Harold Shipman is generally considered to be Britain’s worst serial killer, with more than 250 murders ascribed to his name. But hidden among the tales of habitual drunks, petty thieves and small-time fraudsters published online last week sits the file of a little-known Bristol-born woman who may well have killed more.While largely forgotten today, Amelia Dyer’s crimes paved the way for one of the most sensational trials of the Victorian era – and spotlighted the pandemic problem of infanticide in 19th century Britain. Her Prison Commission file, now visible online, logs Dyer’s final moments on the scaffold at Newgate Gaol on June 10, 1896, and records her hanging with characteristic Victorian efficiency: “On account of her weight and the softness of the textures, rather a short drop was given. It proved to be quite sufficient.”
Three weeks earlier, Dyer had been convicted at the Old Bailey of the murder of two babies. They had been strangled with white tape, wrapped in parcel paper and dumped in a carpet bag in the River Thames at Reading. She became a household name, ballad-mongers even wrote songs about her; her case raised the profile of the fledgling NSPCC and even firmed up our adoption and child protection laws. Yet within a few decades, her criminal career was all but forgotten.
Reading police had been alerted to Dyer back in April by the discovery of another tiny infant in the reeds of the Thames. An address on the parcel paper led the police to a stout midwife described variously as “motherly” and “homely”. What they discovered inside Dyer’s two-up-two-down, rented terraced house on Kensington Road was damning.
Her home was crammed with evidence of a hefty trade in infant life – dozens of vaccination papers, vast quantities of tiny clothes and countless pawn tickets for baby clothes. Letters and receipts for newspaper advertisements arranging adoptions were also recovered, indicating that Dyer was operating under several aliases, including Harding and Smith. The most gruesome evidence was the heavy stench of rotting flesh coming from the kitchen pantry and from a trunk under her bed. The police were in little doubt that they had uncovered a baby farm. They ordered an immediate dragging operation, watched by crowds of onlookers lining the river banks, drawn by lurid press coverage. When the body count rose to 50, Amelia told police: “You’ll know all mine by the tape around their necks”.
As the police investigation grew, so did the efforts of investigative journalists. It became clear that Dyer had profited from her trade for almost 30 years, travelling as far afield as Liverpool and Plymouth.
Dyer first opened a house of confinement in the Bristol suburb of Totterdown in the late 1860s, and charged a fee to take in unmarried women when they could no longer hide their pregnancies. Some asked for their infants to be stifled at the moment of birth, since Victorian coroners were unable to distinguish between suffocation and still-birth.
Dyer also fostered infants for a weekly fee, maximizing her profits by slowly starving her little charges, muting them with daily doses of the liquid opiate, laudanum, known colloquially as “the quietness” because it stifled both a baby’s appetite and its cries.
Ten years later, having completed a six-month prison sentence for infant neglect, Dyer changed her modus operandi. No longer would her house be filled with emaciating infants. Now she accepted only full adoption in exchange for a lucrative one-off payment. She silenced the infants within hours, using a length of white tape tied twice around their necks and dumped their bodies in rivers or buried them in the gardens of her rented lodgings.
The world which enabled this wholesale trade in infant life may seem entirely alien today, but its scars are remarkably recent. Our Dickensian vision of Victorian urban filth is missing one grim detail: the bodies of dead infants littered the streets of British cities and reports of their discovery were too commonplace to be considered newsworthy.

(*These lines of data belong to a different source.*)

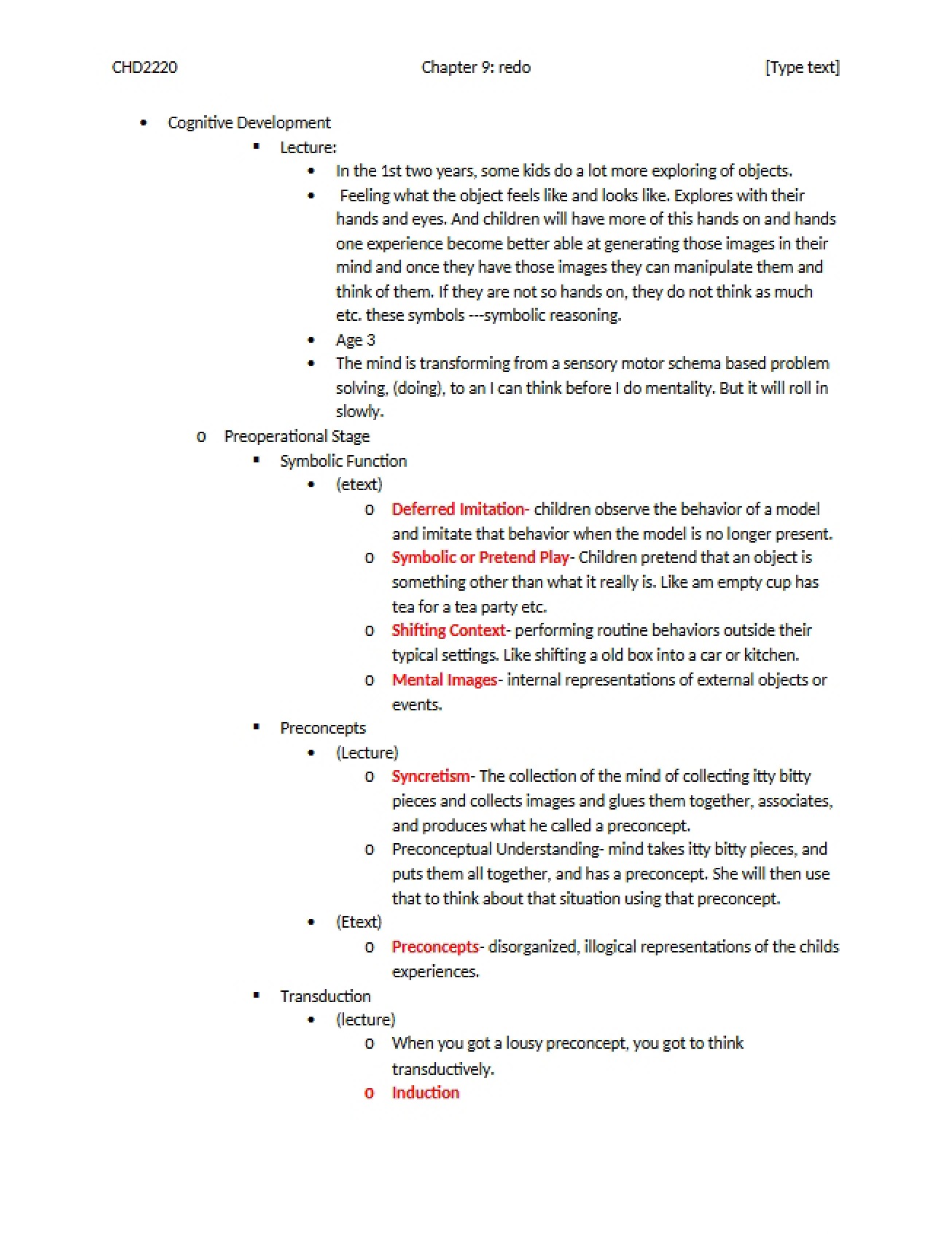 Development of Cognition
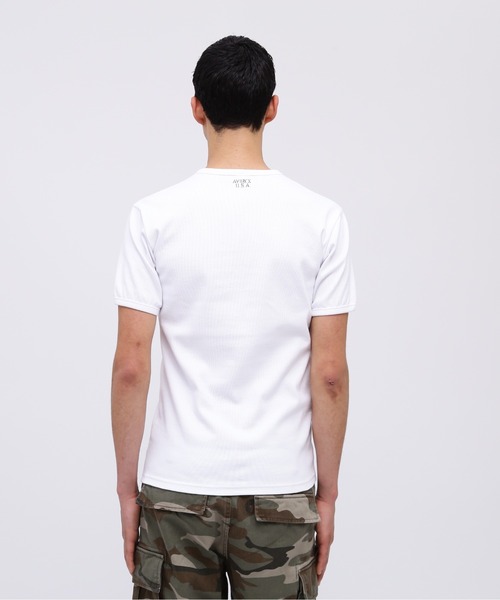 注目■AVIREX■リブ 半袖 ブイネック Tシャツ デイリーウェア DAILY/デイリー》RIB S/S V-NECK T-SHIRT/リブ 半袖 ブイネック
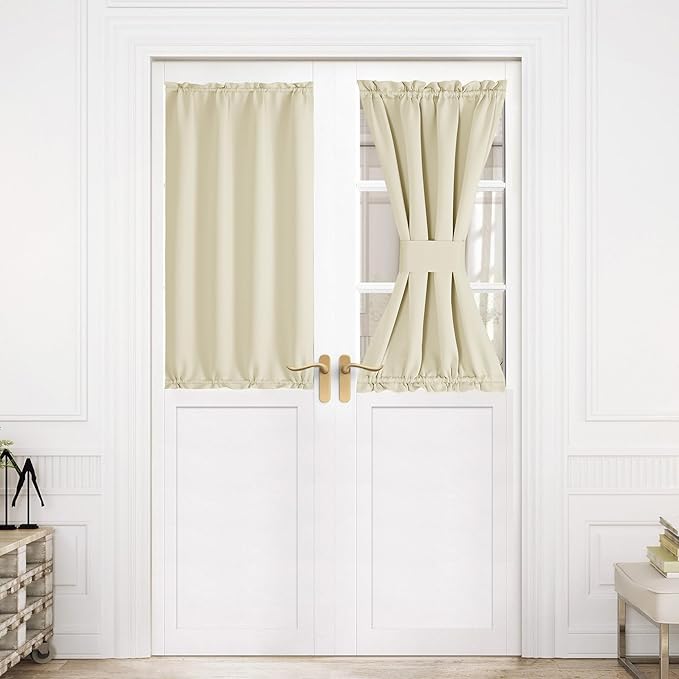 NICETOWN French Door Curtain for Door Window, Rod Pocket Thermal Short Curtain for Glass Patio Kitchen Window, 30 X 40 Inches Long, 1 Panel with Tieback, Light Beige
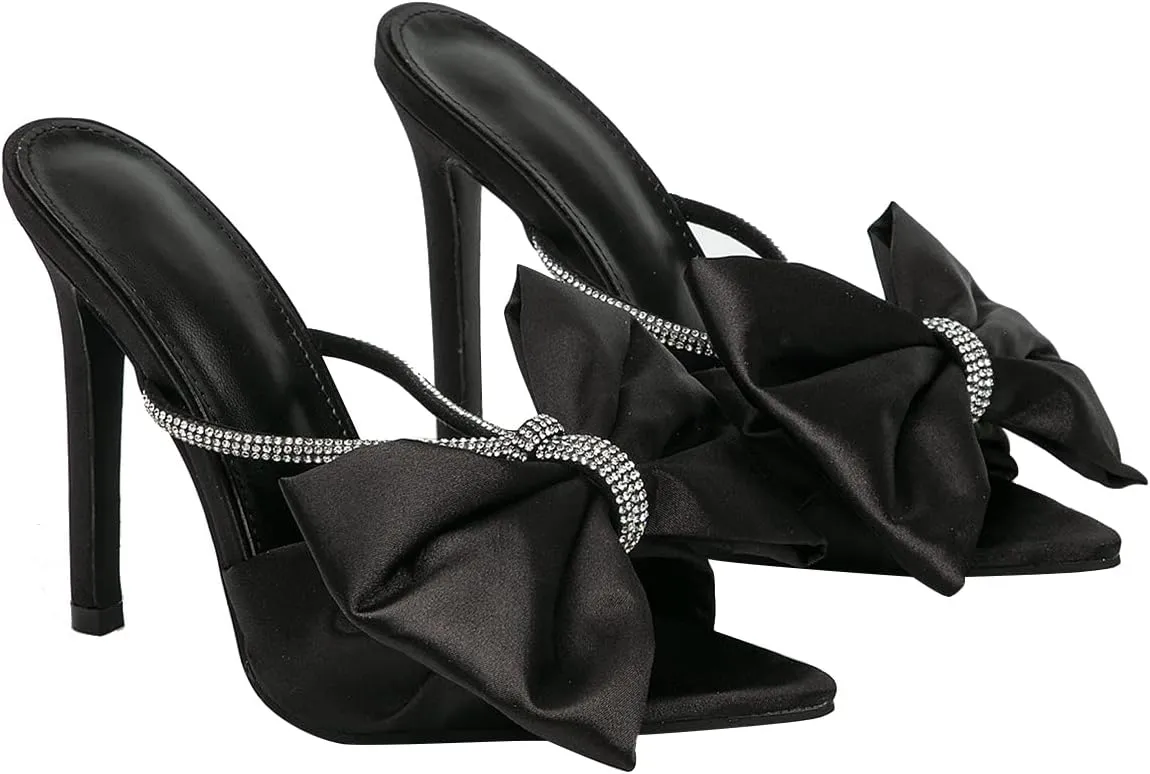 Hee grand Satin Bow-knot Rhinestones High Heel Sandals Slides Sexy Open Toe Party Dress Sandals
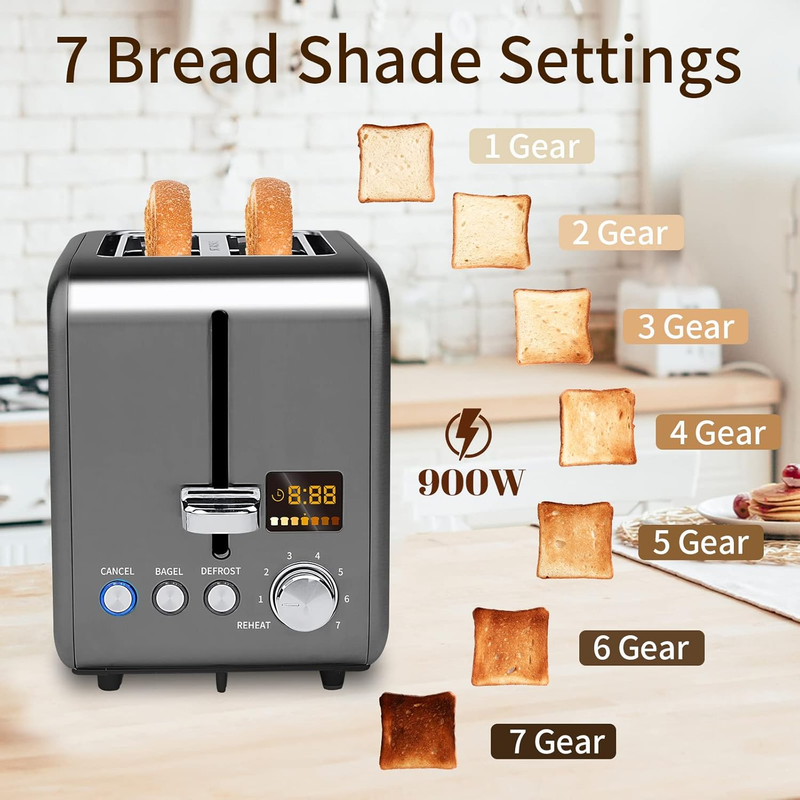 Dark Metallic 2 Slice Toaster Stainless Steel - LCD, 7 Shades, Bagel, Defrost2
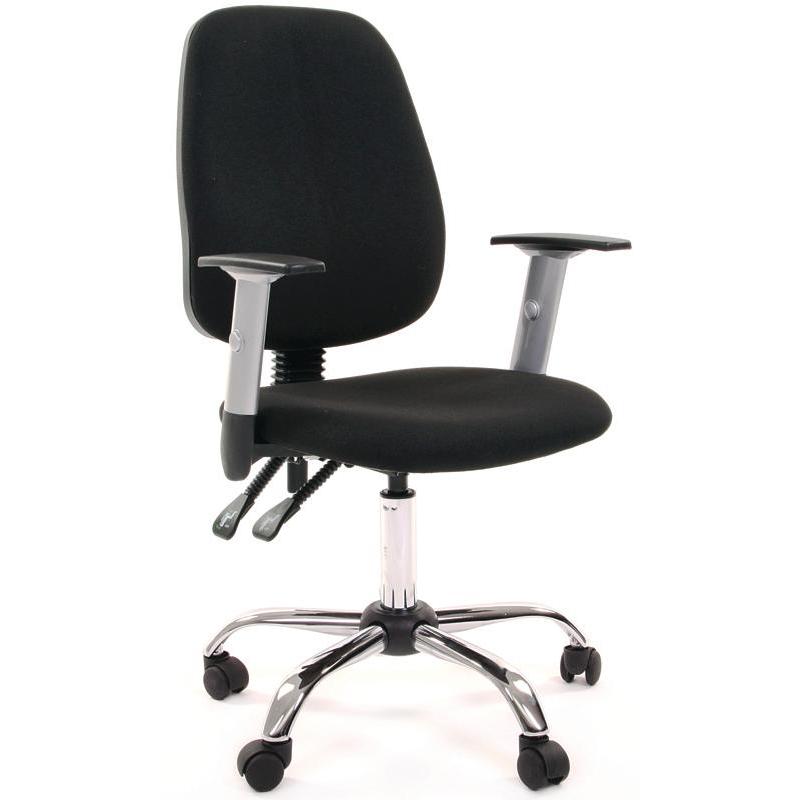Кресло для оператора EChair-214 AL ткань черная, хром
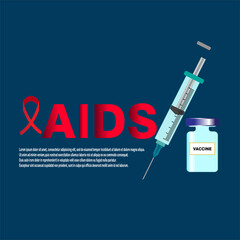 AIDS vaccine bottle and syringe illustration vector, great for sticker web emblem template banner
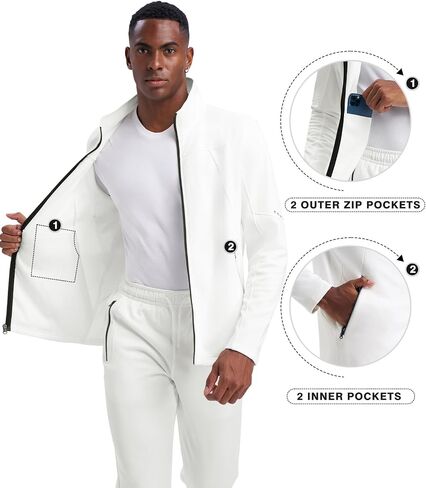 Rdruko Men's Fleece Lined Tracksuits 2 Piece Set Winter Athletic Casual Sweatsuits Full Zip Jogging Sweat Suit Sets in Saudi Arabia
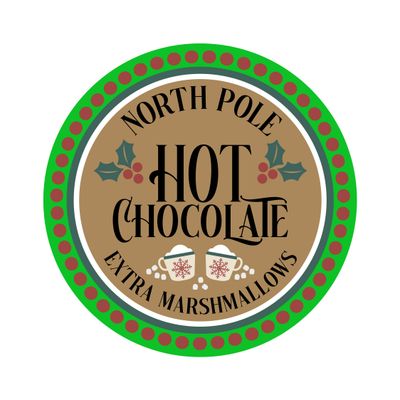 North Pole Hot Chocolate Round Metal Sign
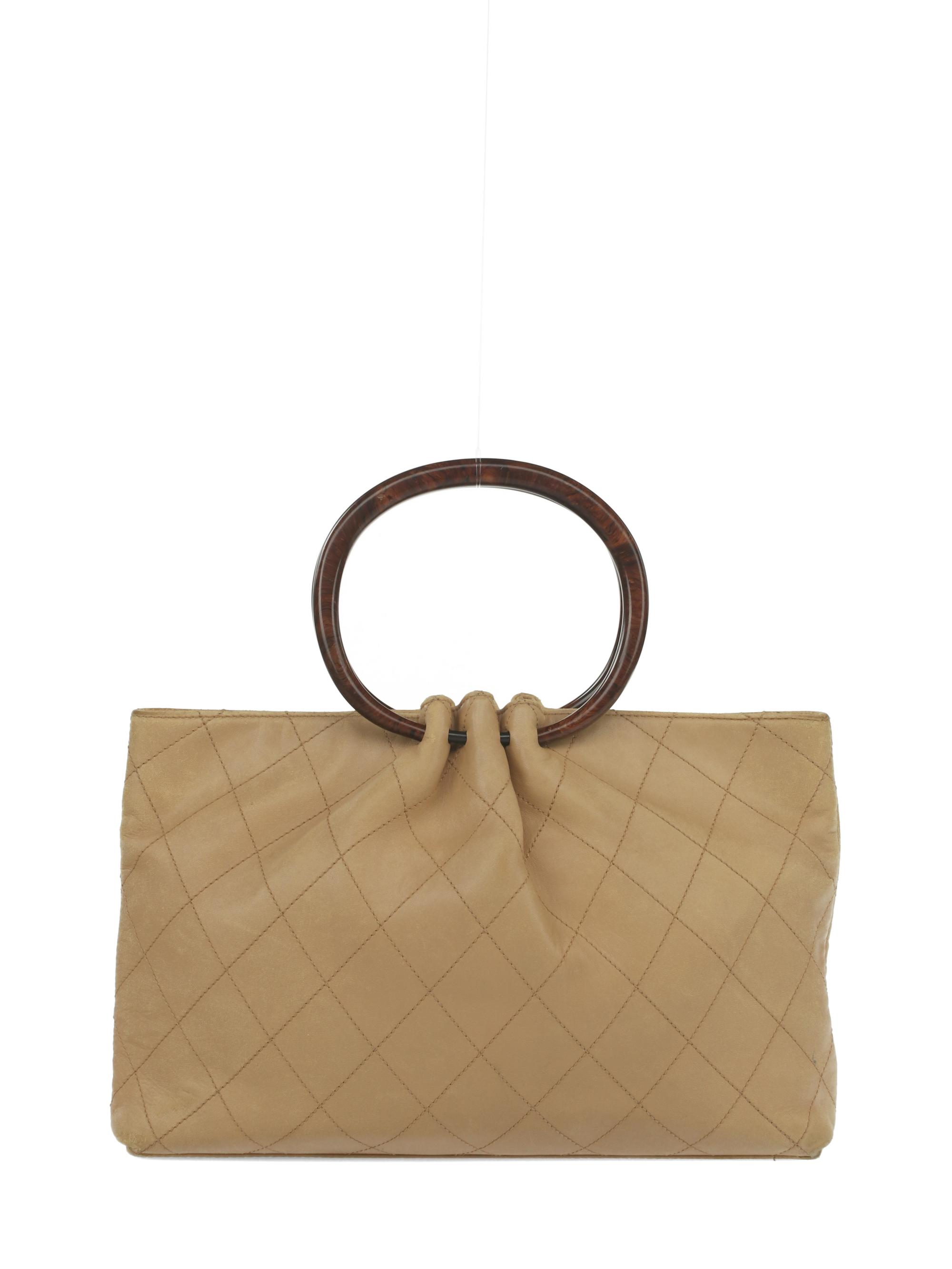 Chanel Wood Handle Tote in Quilted Tan Lambskin
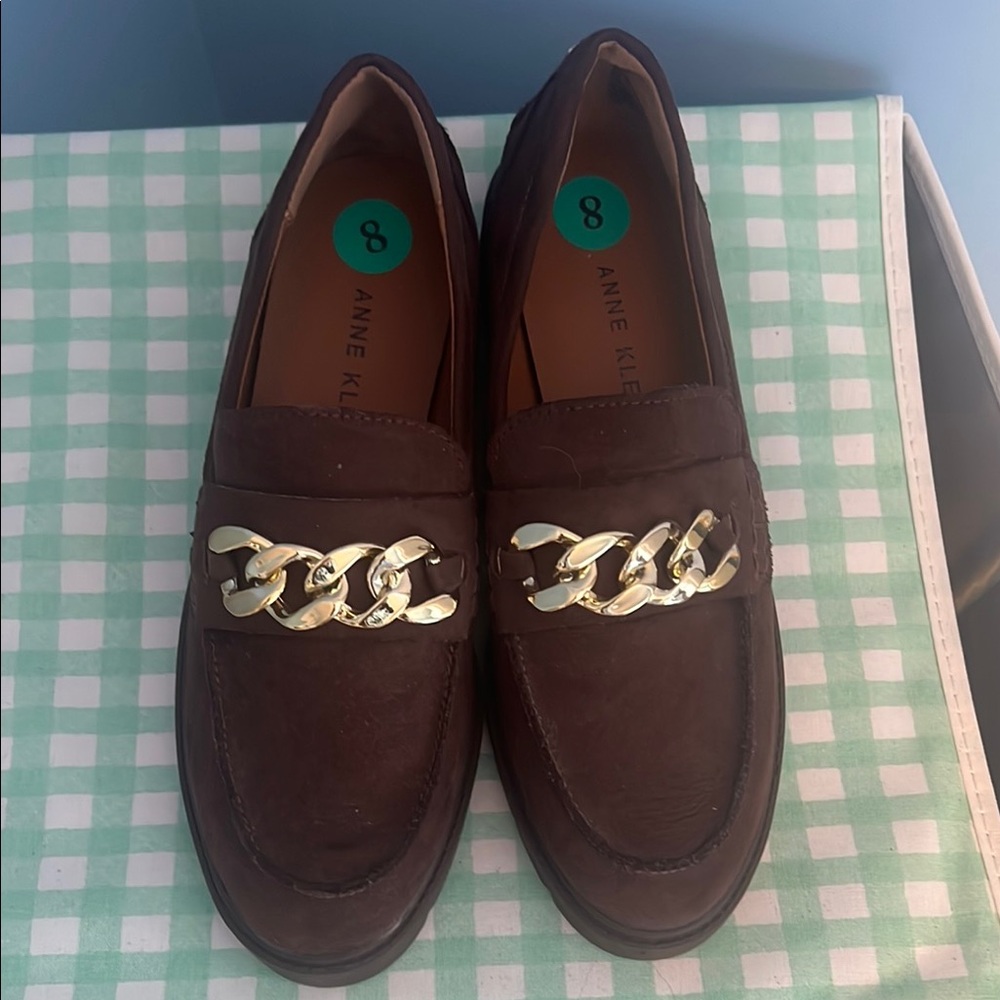 Anne Klein Brown Loafers with Gold Chain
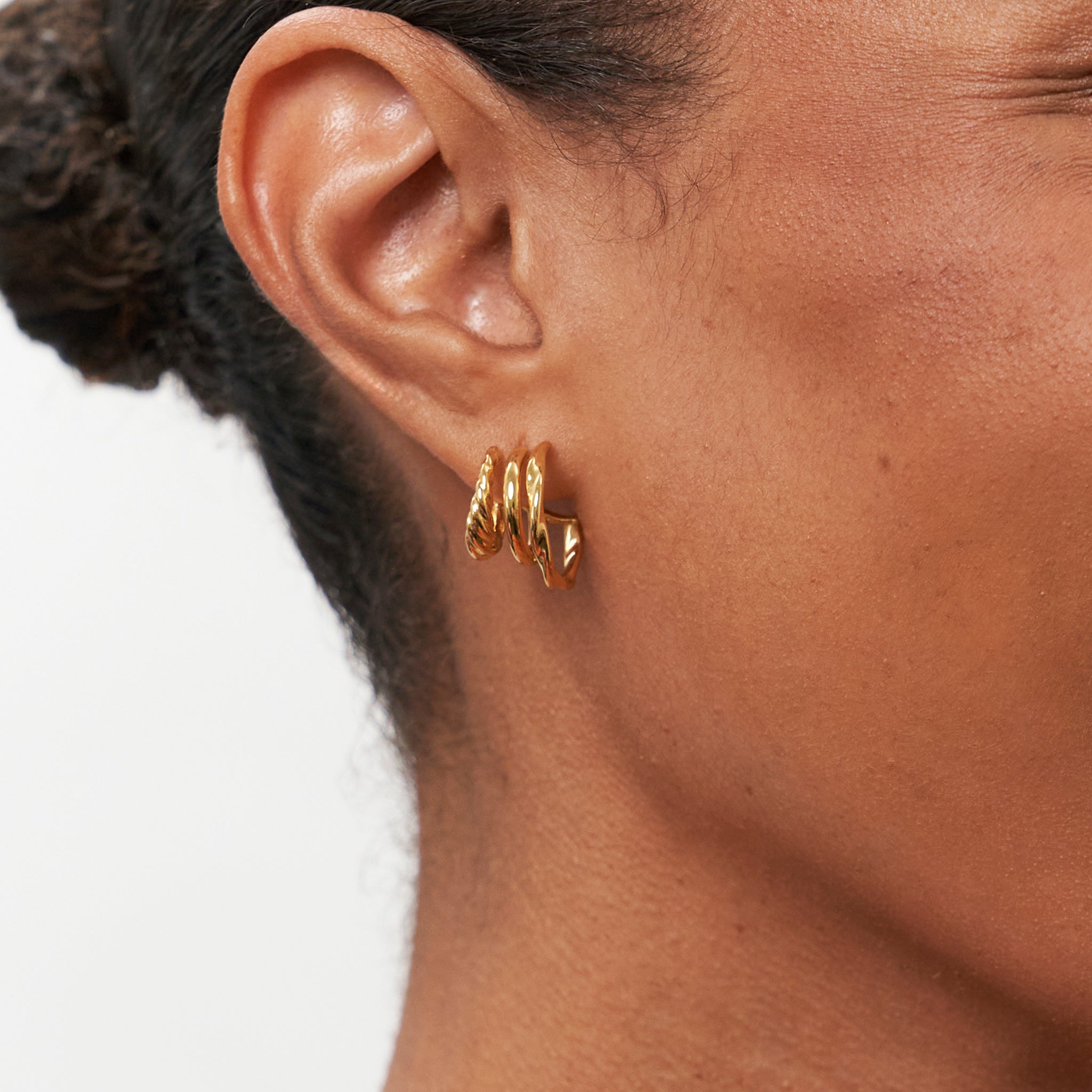 Flux Triple Creolen Ohrringe | 585 Gold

Endemic infanticide was a direct consequence of mid-century legislation designed to deter illegitimacy; far from fixing the problem, the removal of all financial obligation from fathers merely condemned unmarried mothers to an impossible situation. Forced out of employment and barred from the workhouse, a single mother could either prostitute herself, starve, or else “make an angel” of her baby. Baby farmers offered a last hope for a desperate minority, but in reality few women were truly blind to the reality of their offspring’s fate once they had been farmed out.
The true scale of Dyer’s crime is almost certainly beyond calculation. At her most frenzied, eyewitnesses reported seeing as many as six babies a day coming into her home. Reading police found evidence of at least 20 children who had been entrusted to her care in the two months before her arrest. Even a conservative estimate of 10 infant deaths a year creates a staggering 300 murders over a 30-year period.
Dyer was by no means the only British baby farmer but she was certainly the most prolific, serving a grim need that society was loath to acknowledge and has been quick to forget.